>>>>> "Andi" == Andi Kleen <[email protected]> writes:
Andi> On Thursday 15 June 2006 20:44, Tony Luck wrote:
>> Another alternative would be to provide a mechanism for a process
>> to bind to the current cpu (whatever cpu that happens to be). Then
>> the kernel gets to make the smart placement decisions, and
>> processes that want to be bound somewhere (but don't really care
>> exactly where) have a way to meet their need. Perhaps a cpumask of
>> all zeroes to a sched_setaffinity call could be overloaded for
>> this?
Andi> I tried something like this a few years ago and it just didn't
Andi> work (or rather ran usually slower) The scheduler would select a
Andi> home node at startup and then try to move the process there.
Andi> The problem is that not using a CPU costs you much more than
Andi> whatever overhead you get from using non local memory.
It all depends on your application and the type of system you are
running on. What you say applies to smaller cpu counts. However once
we see the upcoming larger count multi-core cpus become commonly
available, this is likely to change and become more like what is seen
today on larger NUMA systems.
In the scientific application space, there are two very common
groupings of jobs. One is simply a large threaded application with a
lot of intercommunication, often via MPI. In many cases one ends up
running a job on just a subset of the system, in which case you want
to see threads placed on the same node(s) to minimize internode
communication. It is desirable to either force the other tasks on the
system (system daemons etc) onto other node(s) to reduce noise and
there could also be space to run another parallel job on the remaining
node(s).
The other common case is to have jobs which spawn off a number of
threads that work together in groups (via OpenMP). In this case you
would like to have all your OpenMP threads placed on the same node for
similar reasons.
Not getting this right can result in significant loss of performance
for jobs which are highly memory bound or rely heavily on
intercommunication and synchronization.
Andi> So by default filling the CPUs must be the highest priority and
Andi> memory policy cannot interfere with that.

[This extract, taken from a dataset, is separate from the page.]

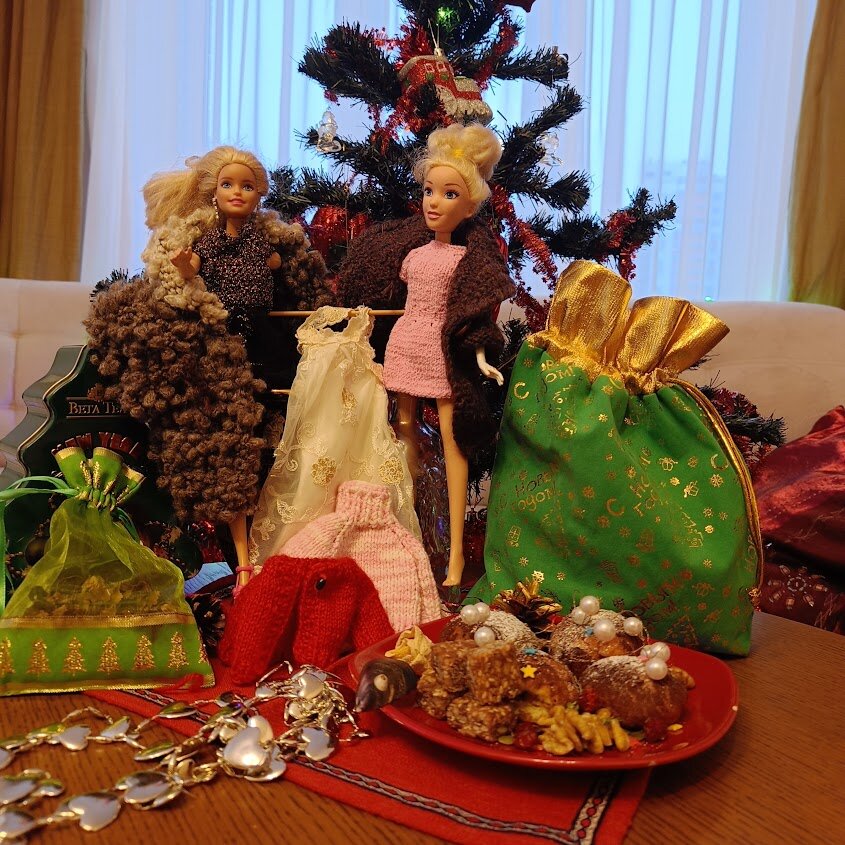 Печенье, конфеты из сухофруктов, одежда для Барби. Фото автора 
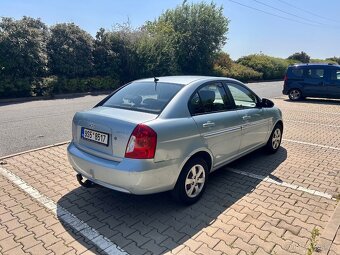 Hyundai Accent 1,4i, 71 kw, ČR, 2. maj., tažné - 6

I really don't think this approach is going to solve the problem. As
Tony also points out, tasks will eventually migrate. The user needs to
tell the kernel where it wants to run the tasks rather than the kernel
telling the task where it is located. Only the application (or
developer/user) knows how the threads are expected to behave, doing
this automatically is almost never going to be optimal. Obviously the
user needs visibility of the topology of the machine to do so but that
should be available on any NUMA system through /proc or /sys.
In the scientific space the jobs are often run repeatedly with new
data sets every time, so it is worthwhile to spend the effort up front
to get the placement right. One-off runs are obviously something else
and there your method is going to be more beneficial.
IMHO, what we really need is a more advanced way for user applications
to hint at the kernel how to place it's threads.